Two years ago, the tax authorities in Brazil fined Neymar 189 million reais (35 million euros) for not declaring his income between 2011 and 2013. In 2019, the father of the former Barça soccer player met with Bolsonaro and the minister of Finance Paulo Guedes. Result: Neymar, who was praised by Bolsnaro in the electoral campaign, has not paid the fine.

Lula denounced the Neymar scandal last month: "Everyone has the right to vote for whoever they want but I think he (Neymar) is afraid that if I win the elections, he will make it public that Bolsonaro forgave his debt to the Treasury." Richarlison, on the other hand, unless it is known, has not had confrontations with the Treasury.

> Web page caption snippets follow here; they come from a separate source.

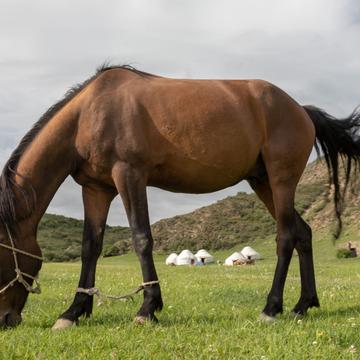 Pferd im Jurtencamp Temir Kanat, Kyrgyz Republic
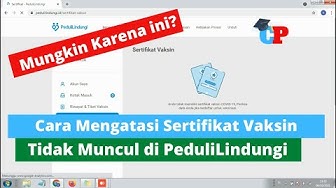 Cara Mengatasi Sertifikat Vaksin Tidak Keluar di PeduliLindungi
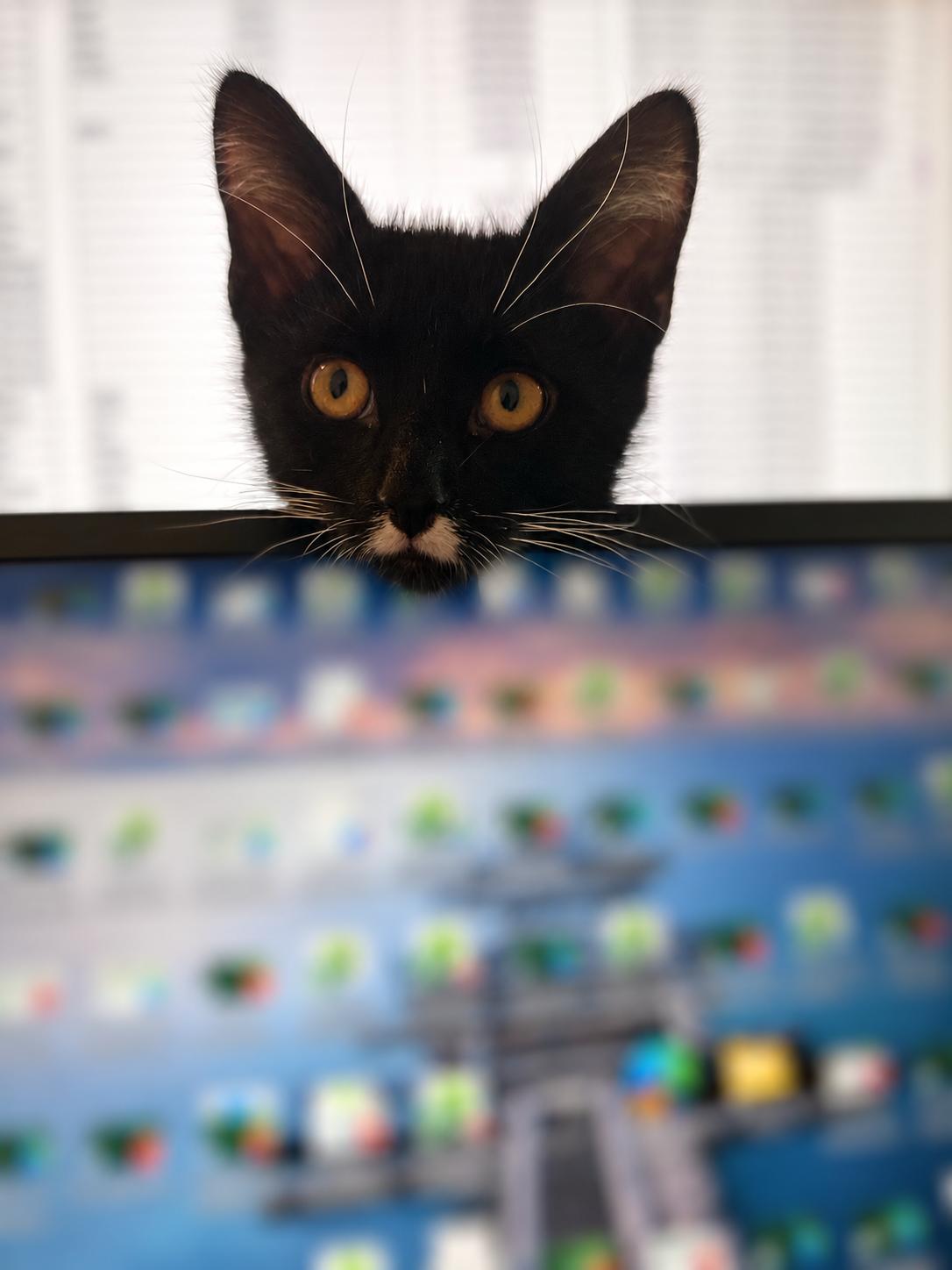 Indus, Adoptable, Young Male Tuxedo.
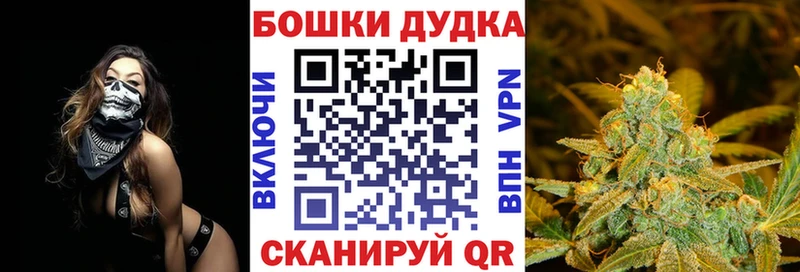 Купить  Богородск  Канабис Amnesia 
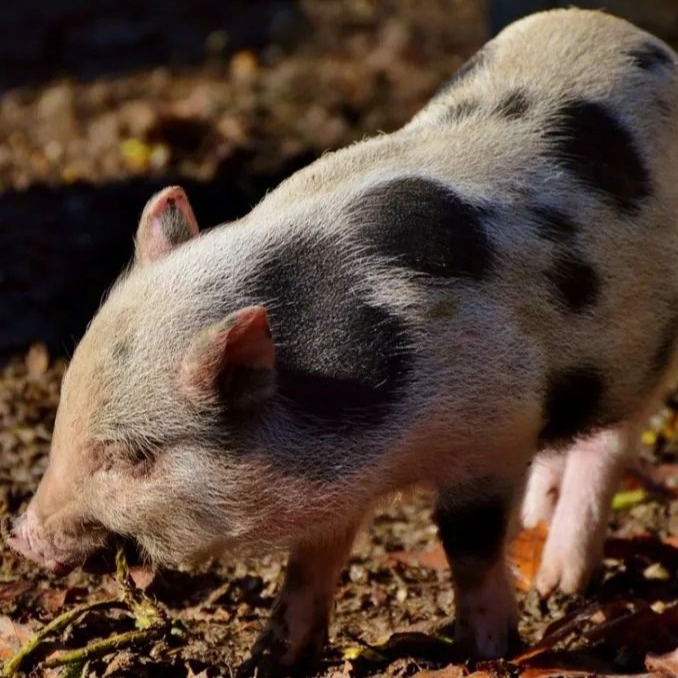 出事了！发改委：生猪头均亏损约200元！腌腊旺季消失，猪市遇“史上最冷”旺季？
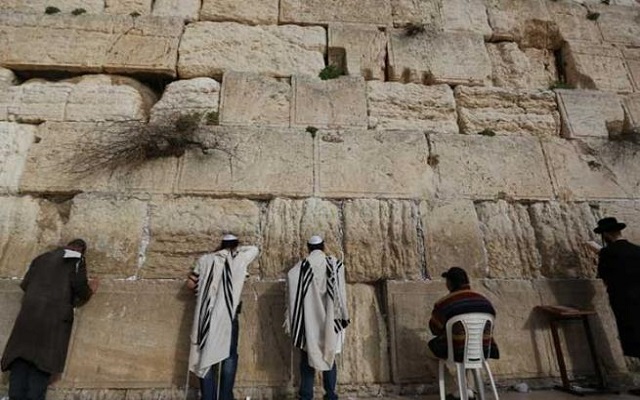 ثعبان يخرج من حائط البراق هل هي إشارة على قرب قدوم المسيخ الدجال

They are two faces of Brazil in the same soccer team, Juca Kfouri, a columnist for Folha de Sao Paulo, said in a telephone conversation, “Richarlison is a good guy; Neymar is a Peter Pan who never grows up due to his father's power and already deserves the antipathy of half the Brazilians," says Kfouri, the biographer of Socrates (the iconic Corinthians midfielder who fought for democracy in the 1950s). eighties both in football and in society in general).

Other more publicly Bolsonarista soccer players are even more chosen from Richarlison's integrity. Former Flamengo goalkeeper Bruno de Souza has been jailed for murder. Robinho - another admirer of Bolsonaro - has just been sentenced in Italy to nine years in prison for rape.

"Richarlison for me is the people's player in this team," said Walter Casagrande, a soccer and political commentator and former teammate of Socrates. "Neymar has done a lot of damage to the country."